# [Assigned task]
Find the "La Glenevin Waterfall - © essicaAkino84" line in the records below and repeat it and every later line exactly, up to the last; do not include pictures.
[[ Working data open ]]
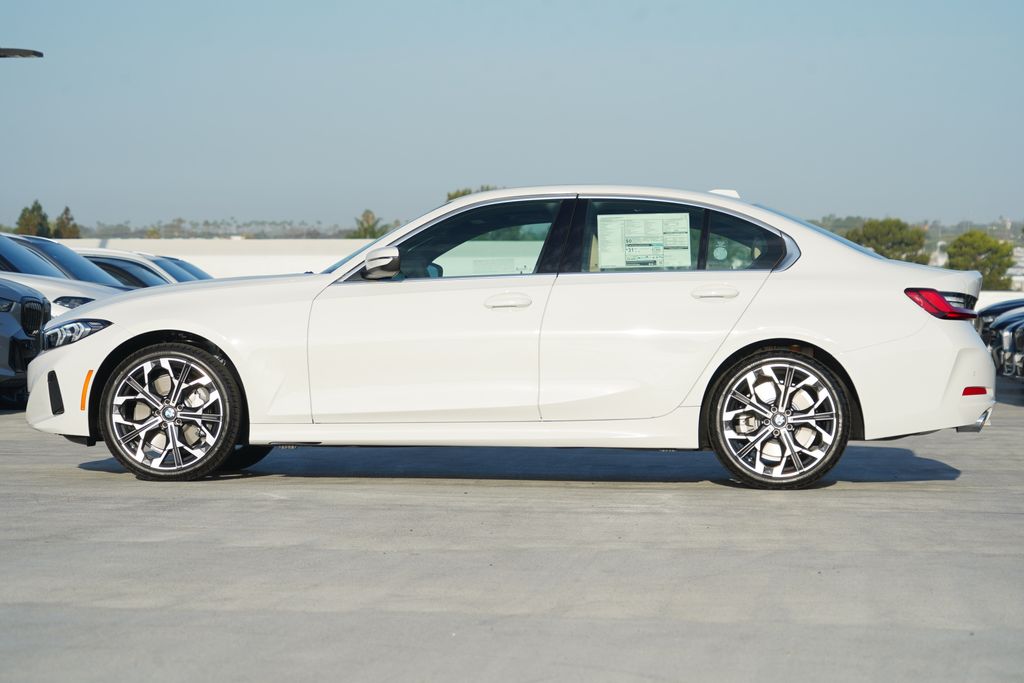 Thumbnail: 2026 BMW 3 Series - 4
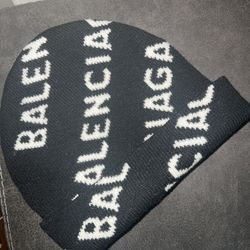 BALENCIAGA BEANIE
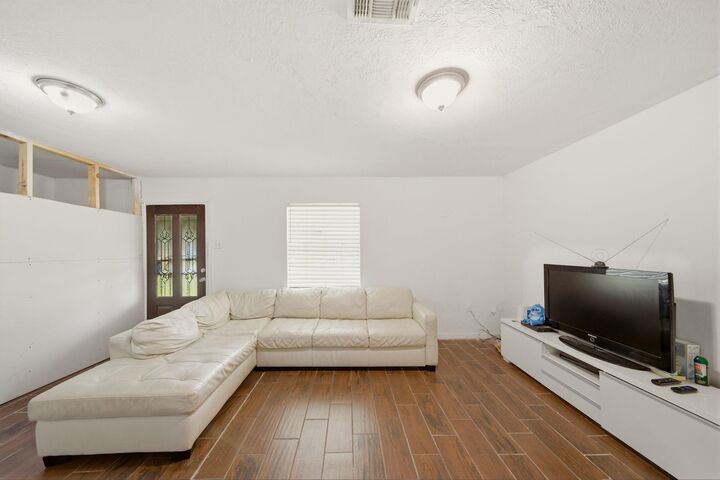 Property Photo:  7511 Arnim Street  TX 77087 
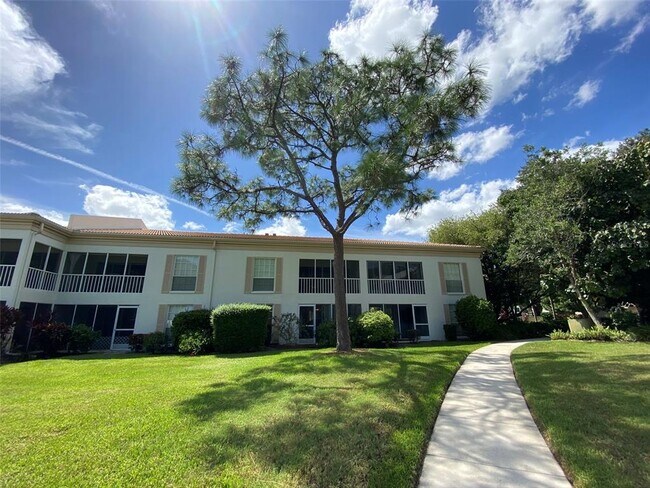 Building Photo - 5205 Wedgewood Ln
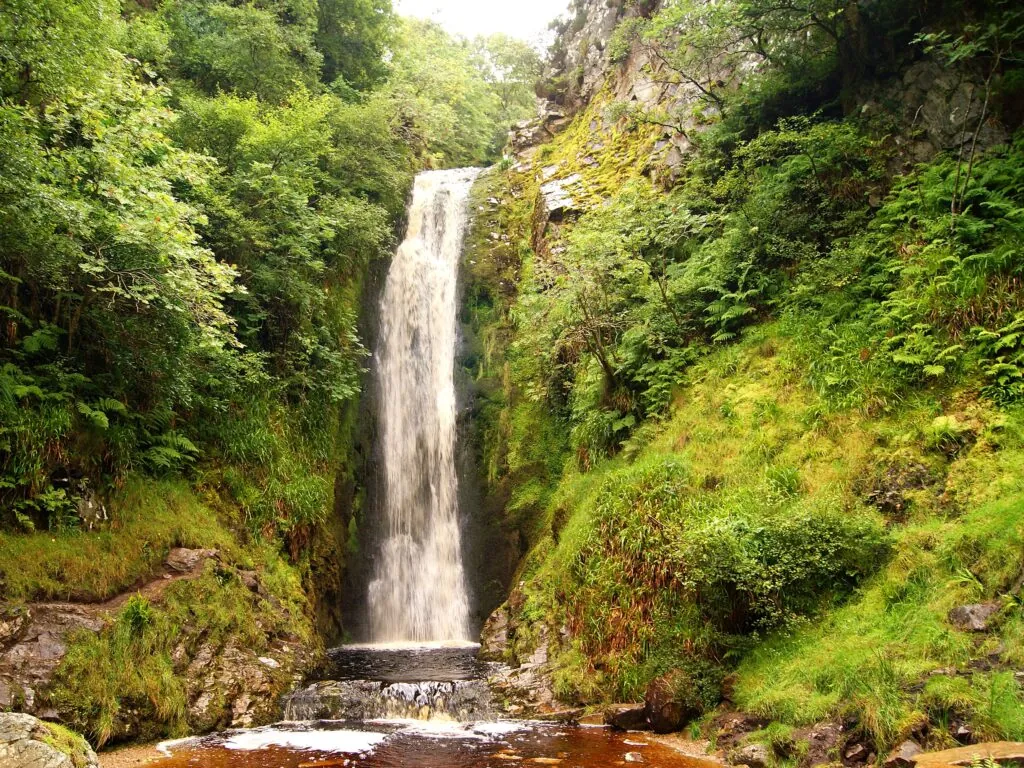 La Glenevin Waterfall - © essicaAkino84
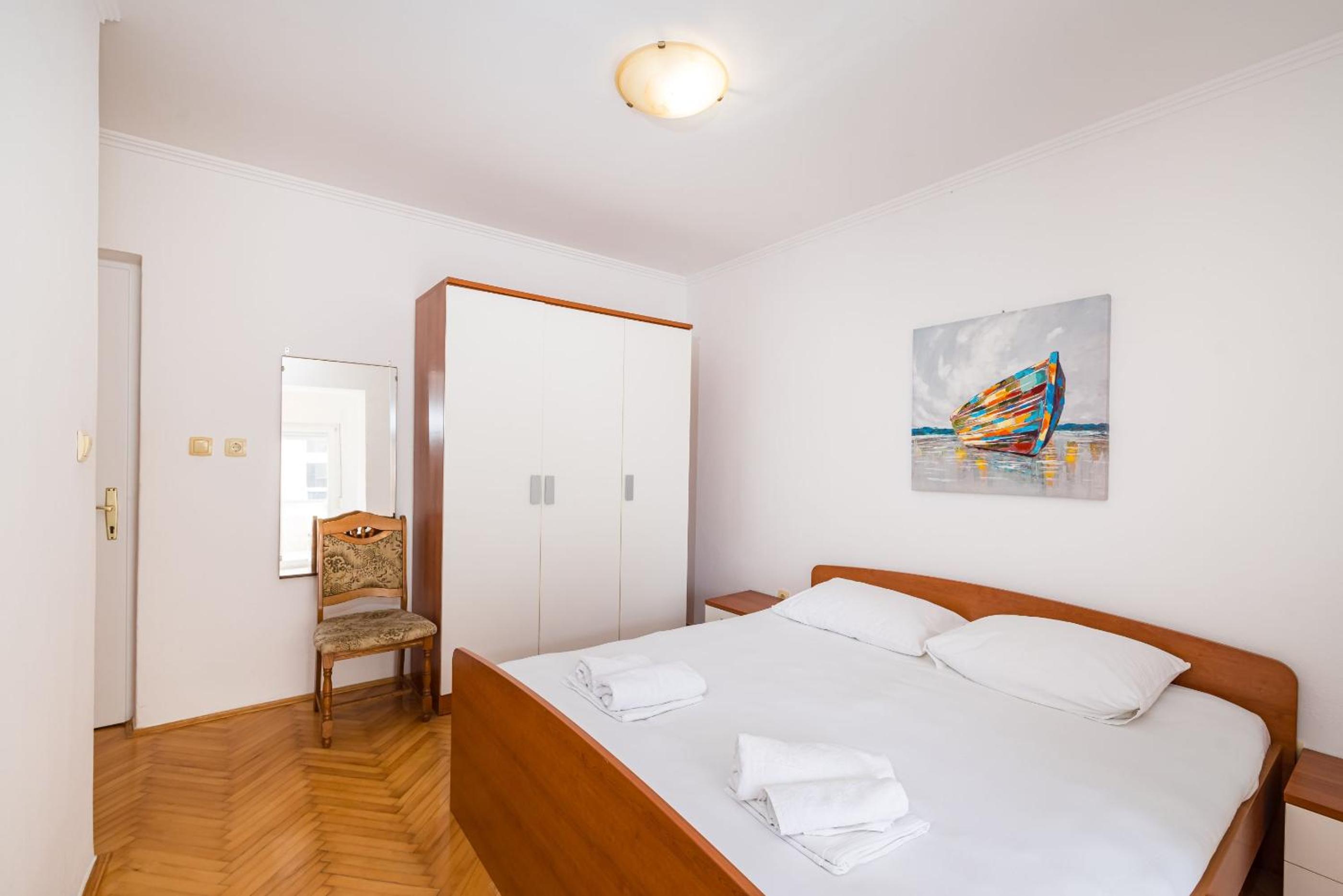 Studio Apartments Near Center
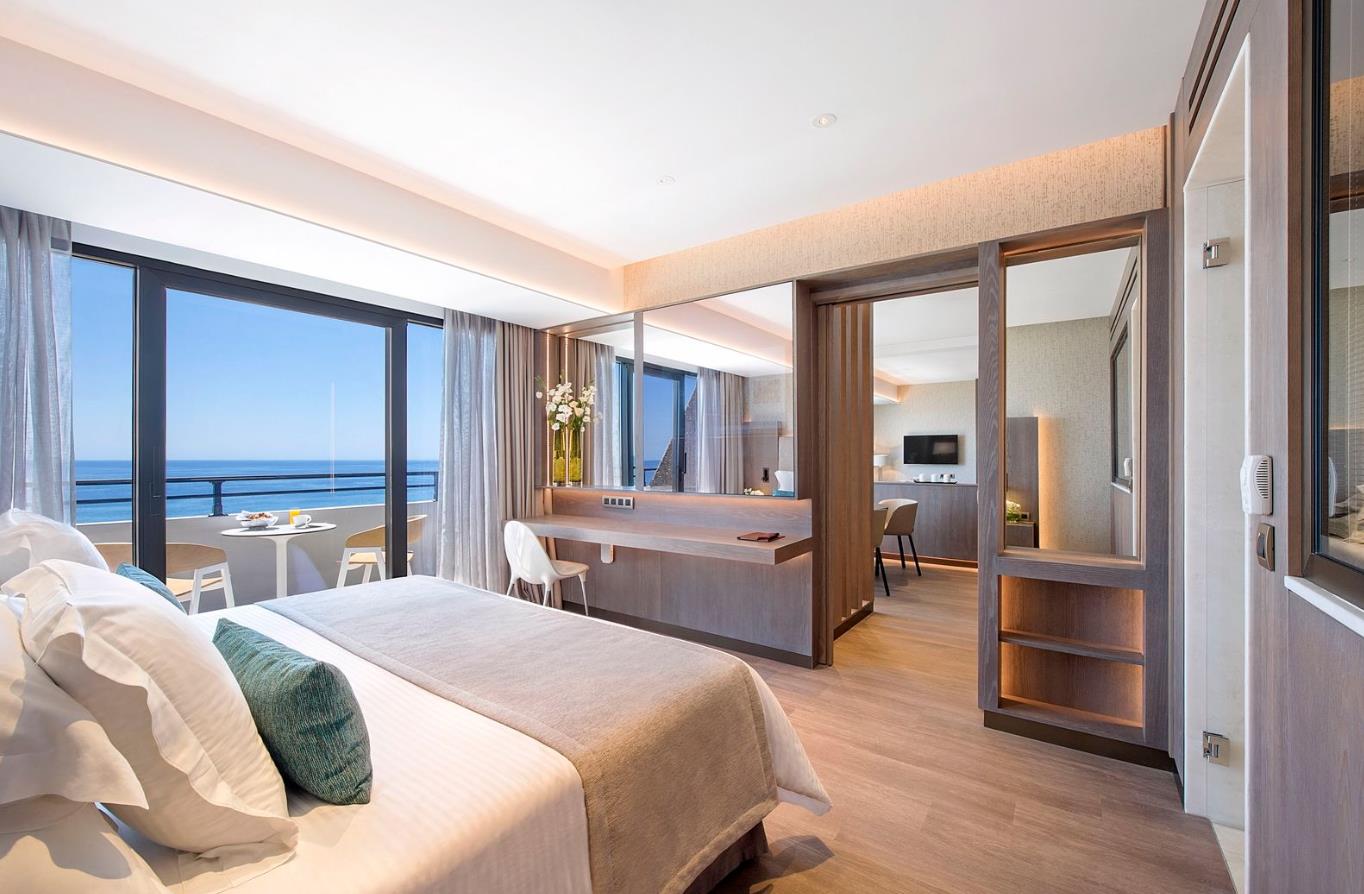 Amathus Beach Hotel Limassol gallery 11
[[ Working data closed ]]
# [The completed task]
 La Glenevin Waterfall - © essicaAkino84
 Studio Apartments Near Center
 Amathus Beach Hotel Limassol gallery 11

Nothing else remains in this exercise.